When I attended the free expo at the library I had no idea what to expect. First of all, I had my 4 and 1 year old with me, and you never to know what you are getting into with them tagging along. Most the time it is great, however, a change in the wind direction can cause unprovoked fits of terror. After walking into the conference room, I could not believe what I saw. There was a 3-D printer, green screen photo booth, synthesizer, embroidery machine, littleBits customizable electronics, wood working tools, robots, and so much more. My 4 year old immediately spotted the Eggbot art robot and asked if we could get one to decorate our Easter eggs this year. It was super cool, but for $195 I told her we would be decorating our eggs the old fashioned way.
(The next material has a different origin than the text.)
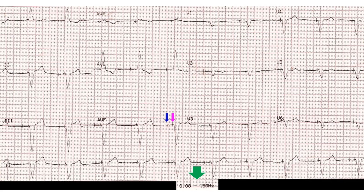The paced P waves are of low amplitude and hardly visible, or it could be lack of atrial response to atrial pacing — atrial capture failure.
Honestly, at this point I could not believe I had never heard of these people before, especially as a multi-media major. They offer so many resources for learning and networking and it’s all FREE. Not only do they have the main home base in West Eugene, coming spring 2016 the Eugene Public Library will offer Maker Hub rooms with access to a digital lab with state of the art audio, video, design equipment and software, and all you need is a library card. How cool is that?
Unfortunately, I did not get to speak long enough to any one person representing the Maker’s due to chasing around little ones, however, I did not need to. The conversations I did join in and picked up on made it clear that this fantastically diverse group of people came from all walks of life. Students, professionals and hobbyists, all innovators and creatives wanting to contribute and expand their own knowledge. They are a wealth of information and very friendly and interested in your thoughts and ideas. I never once felt out of place, even with the kiddos running around. In fact there was so much going on, the girls were having a great time. The “Makers” had something for everyone, even my 1 year old was encouraged to be hands on with the robots. I look forward to visiting their main headquarters soon and can’t wait for the new facilities to open at the library this spring. I highly recommend anyone in the Multi Media field to check them out and make some time in your schedule to pay a visit.
I commented on Chris, Trenten and Kun.